No man is an island – unless, of course, his name is Joe McElroy.

As Paul Conroy raced on to Cein D’Arcy’s pass with seconds left in the 2024 All-Ireland decider, he knew the onus was on him to produce the score that would level the game. This was a kick that was 23 years in the making. Conroy will have also known that he only had a split second to both receive the ball and get a shot away – even if it felt like an eternity for every other person in the stadium.

No Armagh player was within five yards of the Galway midfielder, all of them more concerned at the moment with the rampaging D’Arcy who had made a fine run deep into the Armagh half from midfield. But Conroy also knew that, with so much on the line, the Armagh defenders were going to be more than capable of making up that ground quickly.

So, as he took control of the ball, he was already swinging his right leg back and preparing for the ball to land on the tip of his boot.

Every big game demands a big player to claim it as his own, to swivel it in his side’s favour. The best players crave that responsibility, the moment that defines careers and changes lives. When Armagh won their first All-Ireland title in 2002, it was Oisin McConville sneaking a shot in at the near post to reduce the deficit to a single point, swinging the momentum just when Kerry were sailing for home. Four years earlier, it was Michael Donnellan’s famous run. Starting out in his own full-back line, he flamboyantly cut up the centre of Croke Park as he sped through the gears and took the wind out of Kildare sails via a Seán Óg de Paor point. Until that moment, Galway had been struggling to settle in their first All-Ireland final appearance since 1983.

Indeed, when Galway and Armagh met for the first time in the championship during the first year of the qualifiers back in 2001, it was a block from Donnellan in midfield that set up the play that produced Paul Clancy’s winner.

And on Sunday afternoon, the responsibility seemed to be falling to Conroy after 16 years of service to his county. He had been immense all afternoon too, producing three monster scores, including stadium-rocking clinkers at the beginning of both halves. He was the steady hand Galway needed in midfield. Deep into injury time though, his side no longer needed a steady hand. They needed a moment of inspiration.

But McElroy was keen to write his own history, the wing-forward astutely anticipating Conroy’s ability to get a shot away quickly and throwing his body across the famous sod. At that very moment, he was on his own – there were no team members for support, no excuses, no room for error. Only he could ensure Armagh wouldn’t be denied their second ever All-Ireland title. He was an island. Had he moved a second later, Conroy’s shot would’ve split the posts. But the adrenalin kicked in just in time and the Armagh Harps player earned the right to never pay for a pint within his own county again.

The game had been crying out for that defining moment of brilliance, too. For most of the final quarter, it felt like neither side had much interest in actually winning the game. An Aaron McKay goal in the 46th minute handed the initiative to the Ulster men for the first time in the encounter, but they struggled to take advantage of it as Galway increasingly came up short in attack. While Armagh kept a very solid defensive shape, opportunities were still presented to Galway forwards who, more often than not, were unable to place the ball between the uprights.

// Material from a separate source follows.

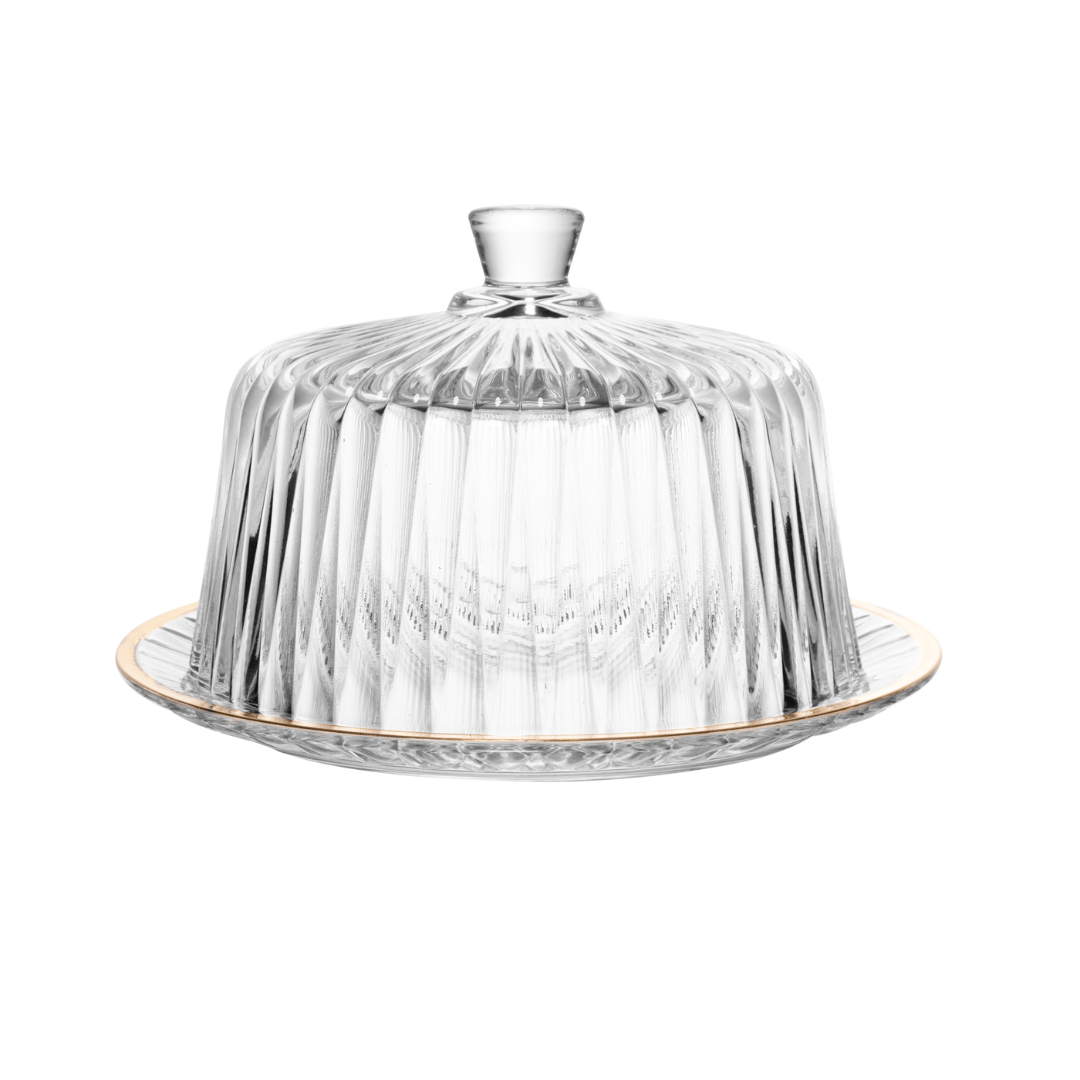 Queijeira Radial em Cristal com Tampa Fio de Ouro 20cm - Ela Decora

Galway defenders, who admirably swallowed up Armagh on the counter and forced them into sloppy handling errors, ensured their forwards continued to be presented with scoring opportunities. They simply couldn’t capitalise. It wasn’t until D’Arcy pointed in the 68th minute, after 13 minutes without a score, that Galway began to show their stomach once again. The Tribesmen followed up D’Arcy’s effort with a Cillian McDaid score to bring the game back to a single point and Croke Park prepared to be painted in maroon and white.

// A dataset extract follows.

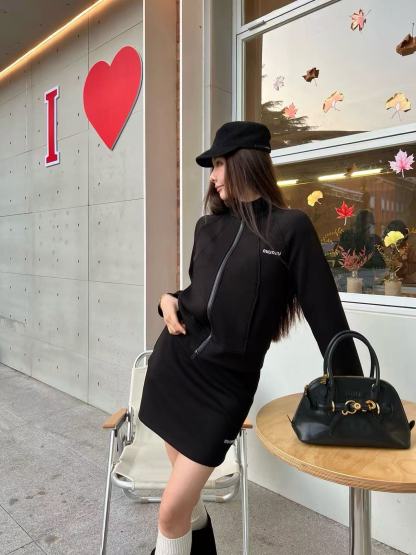 M1UM1U 高品質ジッパージャケット+スカート ツーピースセット【50％割引+送料無料】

However, yet again, the smell of All-Ireland glory filling their nostrils seemed to have an adverse effect on the Connacht side. Kieran McGeeney’s side, on the other hand, eventually began to feed off Galway’s inability to deliver the final blow and went into every tackle like hyenas foraging on powerless gazelles.

The 2022 All-Ireland defeat to Kerry will have cut deep in Galway – as every final defeat does. But the wounds of this year’s loss will take much longer to heal. Galway will have felt like they had done all the difficult work, beating both Dublin and Donegal in the quarter-final and semi-final respectively. They wouldn’t have feared Armagh either, a county that was appearing in their first All-Ireland final since 2003. The Orchard County, Galway will have felt, didn’t have the benefit of an All-Ireland final day experience and all that went with it. But when it mattered, the Connacht champions couldn’t leverage those experiences.

As for Armagh, they’ll know that the first medal is always the most difficult to secure. And they now know that they have the personalities required for the big days, the individuals capable of producing the big moments, the men that can drag a side over the line.

The next chapter of the Armagh story is theirs to write.